After looking last week at the ATI/AMD Radeon Gallium3D performance under Mesa 8.0 and comparing its performance to Mesa 7.11 and the closed-source AMD Catalyst driver, along with the LLVMpipe driver performance, we're now focusing upon the Nouveau Gallium3D implementation that seeks to provide open-source NVIDIA hardware support. This comparison is pitting Nouveau in Mesa 8.0 against Mesa 7.11 and the official NVIDIA Linux driver.
This updated Nouveau Gallium3D driver testing is being done in an identical manner to last week's Radeon Gallium3D driver testing: on several generations of NVIDIA GeForce graphics cards, the OpenGL performance is being compared against Mesa 7.11, the branched Mesa 8.0-devel Git, and the latest NVIDIA Linux binary driver.
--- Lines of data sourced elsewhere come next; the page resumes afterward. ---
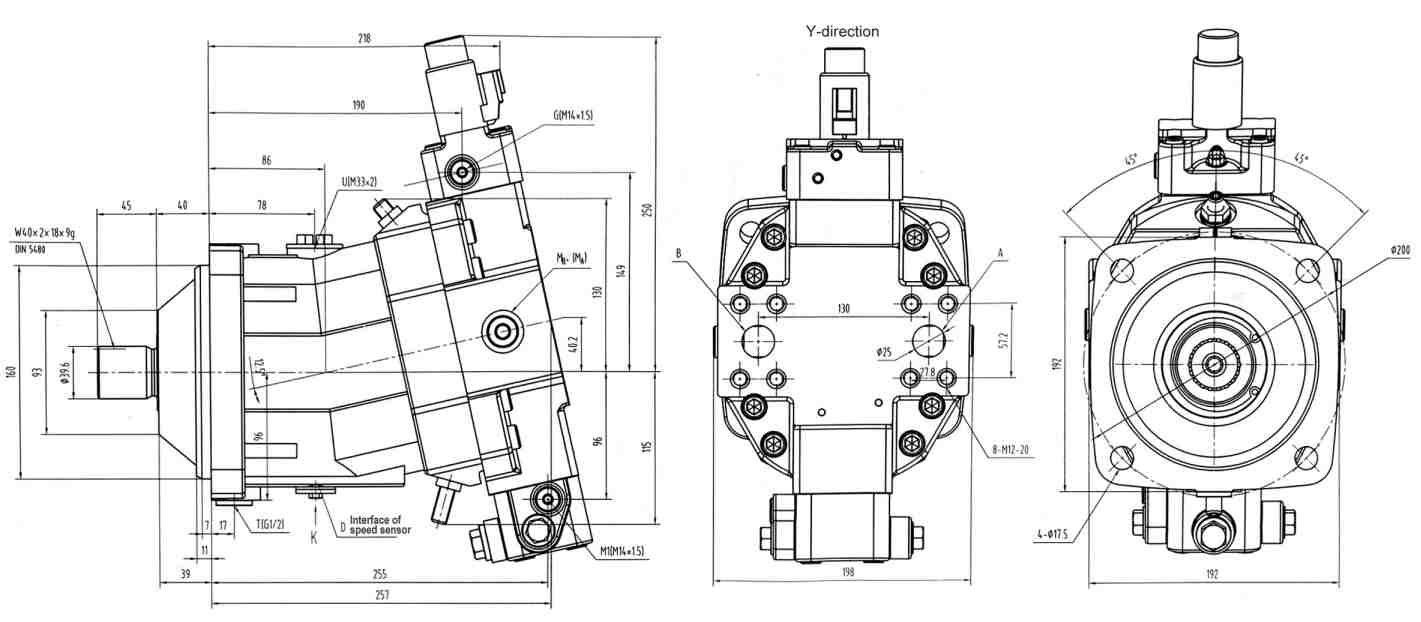 G6VM Series Inclined Axis Axial Piston Variable Displacement Motor Hydraulic Motor for Walking Machinery and Industrial Field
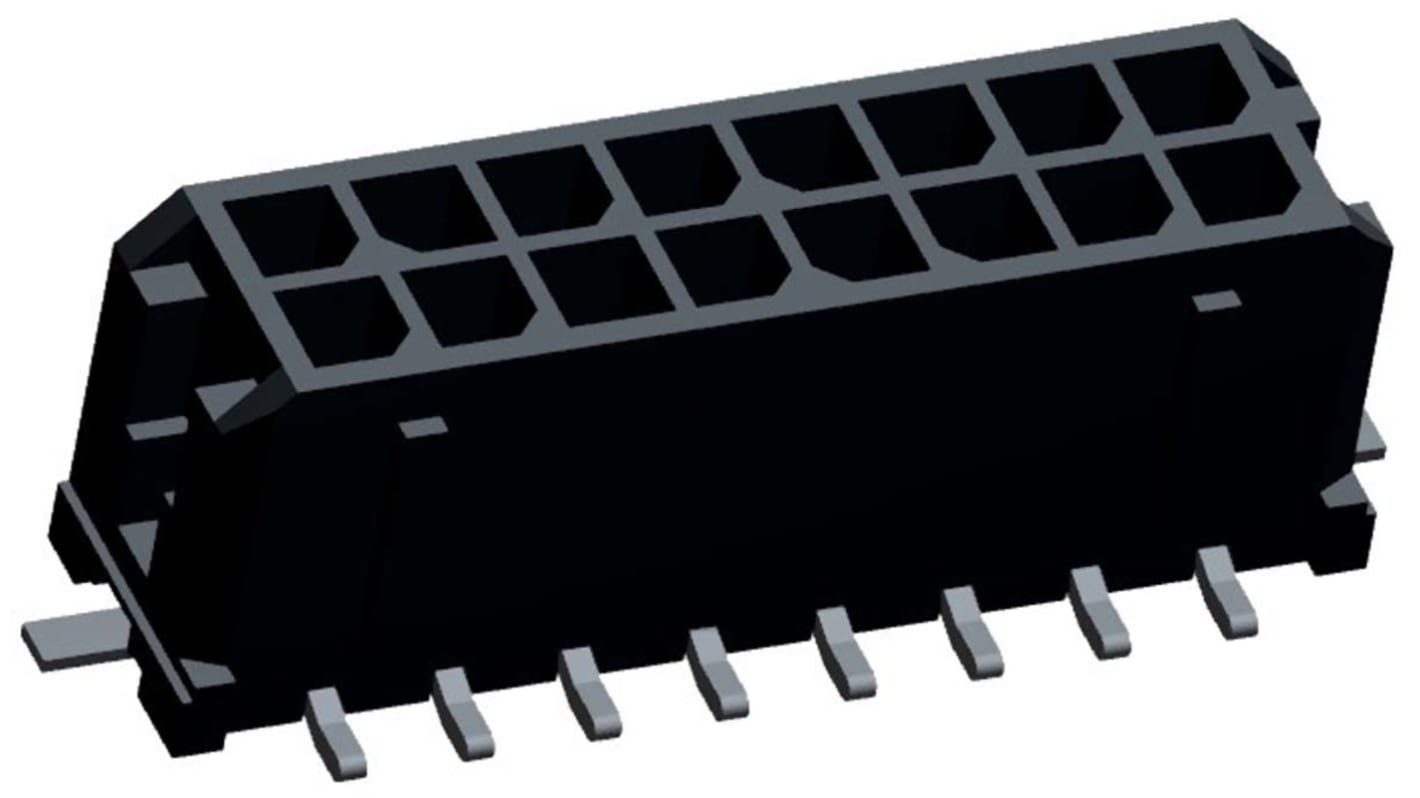 Molex Micro-Fit 3.0 Series Straight Surface Mount PCB Header, 16 Contact(s), 3.0mm Pitch, 2 Row(s), Shrouded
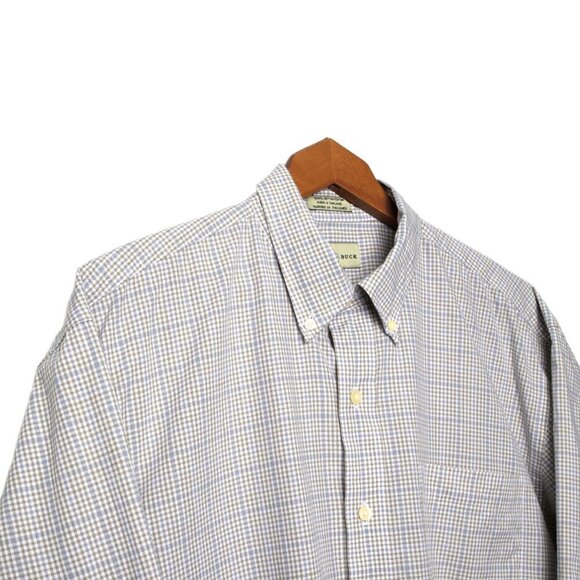 Cutter & Buck Men's Plaid Short Sleeve Oxford Shirt Button Down Cotton Blue Tan - Picture 5 of 9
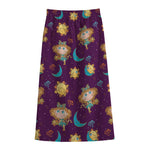 Cute Cartoon Virgo Pattern Print Cotton Front Slit Maxi Skirt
When it comes to Nouveau on Mesa 8.0 the main item to point out is that the "NVC0" / "Fermi" driver for the GeForce 400/500 series does advertise GL Shading Language (GLSL) 1.30 support for OpenGL 3.0.
While other generations of NVIDIA hardware is also capable of the OpenGL 1.30 / GLSL 1.30 support, in Mesa 8.0 the Gallium3D driver for the older hardware is not matching this level -- ideally it will be there for Mesa 8.1. If you missed it, read Eight Reasons You Can Enjoy Mesa 8.0 and Eight Shortcomings Of Mesa 8.0 for additional details about this user-space open-source graphics driver library.
Unfortunately, as you can see from some of the pictures, Nouveau in Mesa 8.0 when paired with the Linux 3.2 kernel is not always ideal. There have been some lock-ups and rendering issues with certain graphics cards at random times. As said before, the best support with Nouveau is generally the GeForce 8/9 series, but depending upon the versions of different components, this reverse-engineered hardware support by the community can be a game of Russian Roulette.